Bayesian and Neural Systems
Machine learning research group in Edinburgh

Writing Rules

Amos Storkey


This document gives some basic rules for all writing that should be followed by students for formal documents (papers, annual reports, theses etc). For informal internal communication, there is more leeway for rough edges, uncertainty or even sloppiness, but even then good writing helps.

First, all students should read Style: Toward Clarity and Grace and inwardly digest it and work on using its advice in writing. This should be done this early in the PhD, and not be put off.

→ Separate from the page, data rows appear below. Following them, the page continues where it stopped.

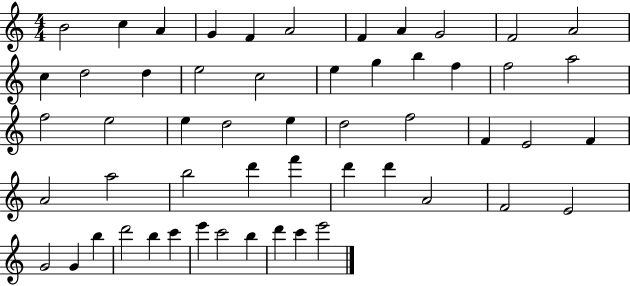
X:1
T:Untitled
M:4/4
L:1/4
K:C
B2 c A G F A2 F A G2 F2 A2 c d2 d e2 c2 e g b f f2 a2 f2 e2 e d2 e d2 f2 F E2 F A2 a2 b2 d' f' d' d' A2 F2 E2 G2 G b d'2 b c' e' c'2 b d' c' e'2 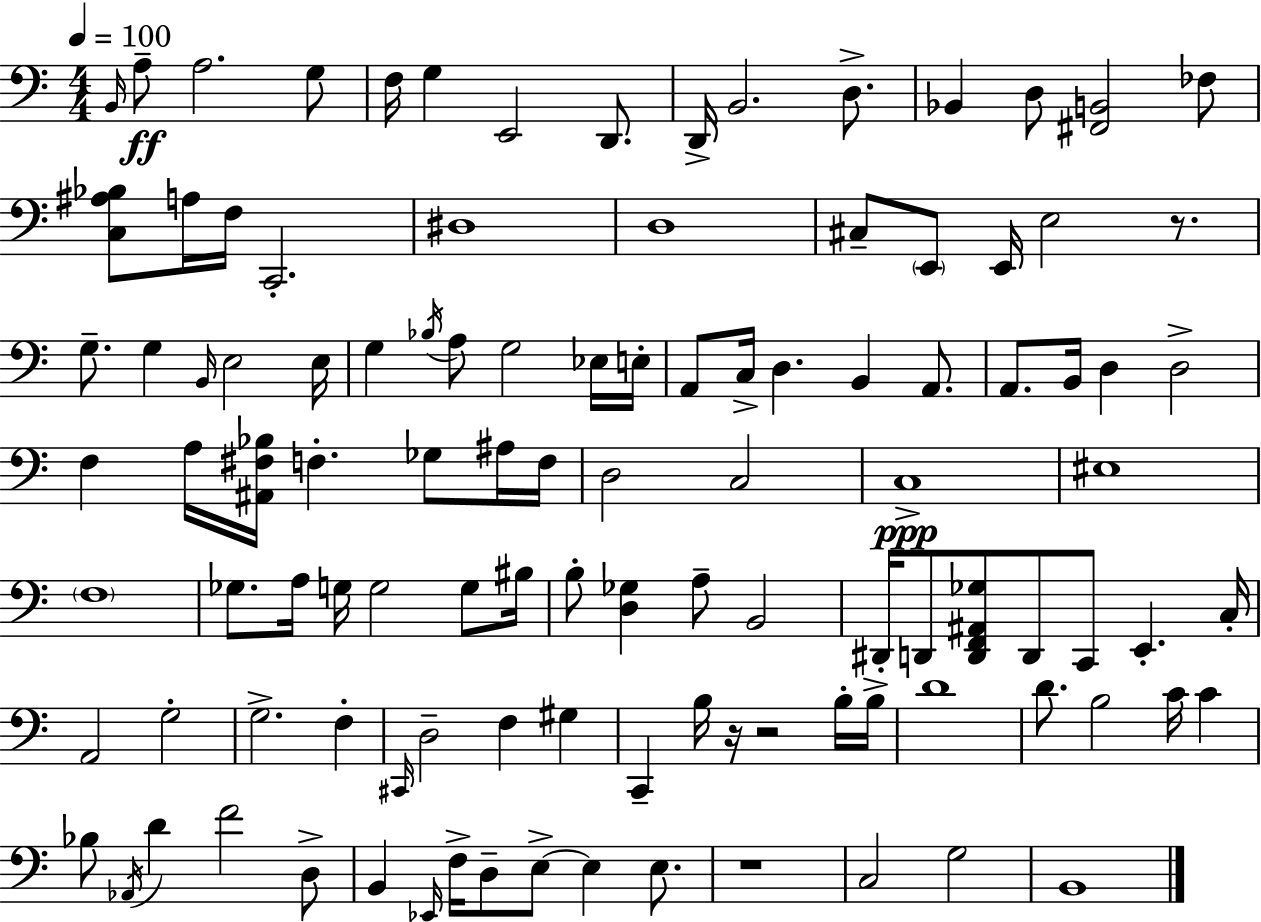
B2/s A3/e A3/h. G3/e F3/s G3/q E2/h D2/e. D2/s B2/h. D3/e. Bb2/q D3/e [F#2,B2]/h FES3/e [C3,A#3,Bb3]/e A3/s F3/s C2/h. D#3/w D3/w C#3/e E2/e E2/s E3/h R/e. G3/e. G3/q B2/s E3/h E3/s G3/q Bb3/s A3/e G3/h Eb3/s E3/s A2/e C3/s D3/q. B2/q A2/e. A2/e. B2/s D3/q D3/h F3/q A3/s [A#2,F#3,Bb3]/s F3/q. Gb3/e A#3/s F3/s D3/h C3/h C3/w EIS3/w F3/w Gb3/e. A3/s G3/s G3/h G3/e BIS3/s B3/e [D3,Gb3]/q A3/e B2/h D#2/s D2/e [D2,F2,A#2,Gb3]/e D2/e C2/e E2/q. C3/s A2/h G3/h G3/h. F3/q C#2/s D3/h F3/q G#3/q C2/q B3/s R/s R/h B3/s B3/s D4/w D4/e. B3/h C4/s C4/q Bb3/e Ab2/s D4/q F4/h D3/e B2/q Eb2/s F3/s D3/e E3/e E3/q E3/e. R/w C3/h G3/h B2/w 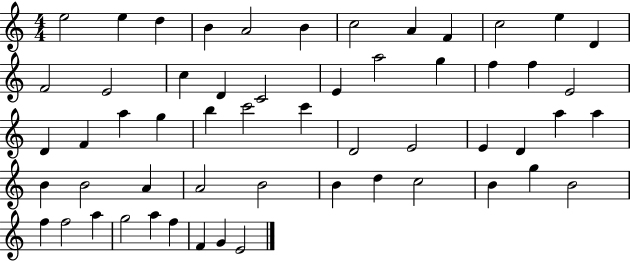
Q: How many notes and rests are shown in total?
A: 56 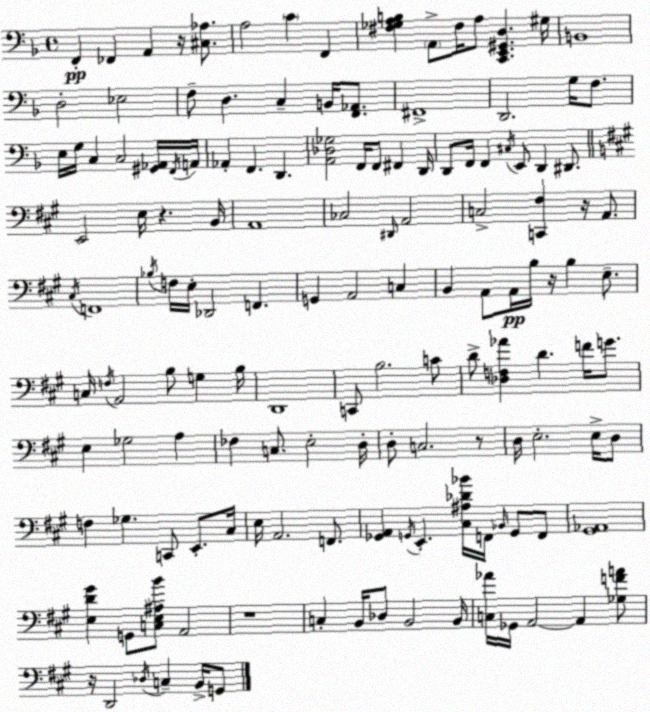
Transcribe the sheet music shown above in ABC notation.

X:1
T:Untitled
M:4/4
L:1/4
K:Dm
F,, _F,, A,, z/4 [^C,_A,]/2 A,2 C F,, [^F,_G,A,B,] A,,/2 ^F,/4 A,/2 [C,,E,,^G,,D,] ^G,/4 B,,4 D,2 _E,2 F,/2 D, C, B,,/4 [F,,_A,,]/2 ^F,,4 D,,2 G,/4 F,/2 E,/4 G,/4 C, C,2 [^G,,_A,,]/4 F,,/4 A,,/4 _A,, F,, D,, [A,,_D,_G,]2 F,,/4 F,,/2 ^F,, D,,/4 D,,/2 F,,/4 F,, ^C,/4 E,,/2 D,, ^D,,/2 E,,2 E,/4 z B,,/4 A,,4 _C,2 ^D,,/4 A,,2 C,2 [C,,^F,] z/4 A,,/2 ^C,/4 F,,4 _B,/4 F,/4 E,/4 _D,,2 F,, G,, A,,2 C, B,, A,,/2 A,,/4 B,/4 z/4 B, E,/2 C,/4 F,/4 A,,2 B,/2 G, B,/4 D,,4 C,,/2 B,2 C/2 D/2 [_D,F,_A] D F/4 G/2 E, _G,2 A, _F, C,/2 E,2 D,/4 D,/2 C,2 z/2 D,/4 E,2 E,/4 D,/2 F, _G, C,,/2 E,,/2 ^C,/4 E,/4 A,,2 F,,/2 [_G,,A,,] G,,/4 E,, [^C,^A,_D_B]/4 F,,/4 _B,,/4 G,,/2 F,,/2 [^G,,_A,,]4 [E,D^G] G,,/2 [C,E,^A,B]/2 A,,2 z4 C, B,,/4 _D,/2 B,,2 B,,/4 [C,_A]/4 _G,,/4 A,,2 A,, [_G,FA]/2 z/4 D,,2 _D,/4 C, B,,/4 G,,/2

Even beyond the things mentioned in that book, there are specific and common issues for scientific writing. I note some of these issues below.

Point
A piece of writing has one point and only one point. It can have subpoints, but they must aid the main point. It must be blindingly obvious what the point is - everything should support that. A student should be able to answer the question "What is the point of this paper?" with an immediate one sentence concise answer. And there is no exception to this rule. If a part of a document does not support and relate to the point it doesn't belong in the document. If a piece of research or experiment does not support the point, the point must be changed. If a student thinks there really must be two points to make, then there should be two documents, or they should be unified into a greater singular point.
Audience
Writing is used to communicate to other people, not to get ideas down on paper. Writing and notetaking are completely different things. Students should always focus on how other, real, people who bleed will understand the document. For academic writing, do always think about what both reviewer one and reviewer two might say.
Narrative
Academic writing is not fiction, but it is still telling a story; it needs to be interesting, to unfold, to capture attention and excite the reader. It helps if the writer is excited about the work while writing it. Boring writing is generally more ignored than writing that has an engaging narrative.
Structure
There are many ways to structure a paper, and this should be discussed with the supervisor. However there are two common pitfalls that should be avoided. The first of these failures is the motivational paper; one that spends far too long trying to introduce what it is doing, and motivate the approach before it gets to the actual point. This can seem like a good idea, but as the reader has no idea where the author is going with this, it can be tiresome or even painful for that reader, who is basically asking first and foremost, "What is the point? What is the contribution?" However it is achieved, writing should be structured to get to the main contribution sufficiently quickly. One can always give reasoning post-hoc. The second failure is dismissiveness of others: research builds on the foundation of previous work in the community -- this should be established early in the paper as a basic act of humility. We are standing on the shoulders of giants. A short, related-work section at the rear-end of the paper doesn't pass muster.
Introduce and conclude
A paper is multi-scale. Almost every level (document, chapter, section, paragraph) is structured something like [context/point, supporting text, take-forward/summary]. E.g. for a typical paragraph: (a) the first sentence tells the reader what point is being addressed, (b) the following sentences elaborate on that point or make the argument, and (c) the final sentence states a summary. Structure is critical to communication.
Order
Scientific writers often choose to state first the premise, then the reasoning, and then finally state the concluding point. That seems traditional -- one should draw conclusions not presume them. However it ends up feeling a bit `German' -- you are waiting for the verb at the end of the sentence before you can get an inkling of where things are going. Its easier on the reader if they can see the destination ahead. This is why much science is written as a hypothesis-test-analysis (its nothing to do with so-called Scientific Method -- it is just science communication) or maths as theorem-proof. It is easier on the reader. State your point up-front, and then carefully and justifiably take the reader to that destination.
Sentences
Writing things that are supposed to be sentences that are missing the requirements of a sentence is a cardinal sin (titles, sections, paragraph headings don't need to be sentences). A sentence must generally have a subject -- which can be implicit for the imperative mood -- must have a verb and in many cases requires an object. There are very limited exceptions to these requirements. Students should never have such non-sentences in formal writing, and should never need a supervisor to point these issues out. Passing a formal document to a supervisor that has such non-sentences in it will be interpreted by the supervisor as student laziness. If anyone does not know how you tell if something is a sentence or not, then learning that is an immediate priority.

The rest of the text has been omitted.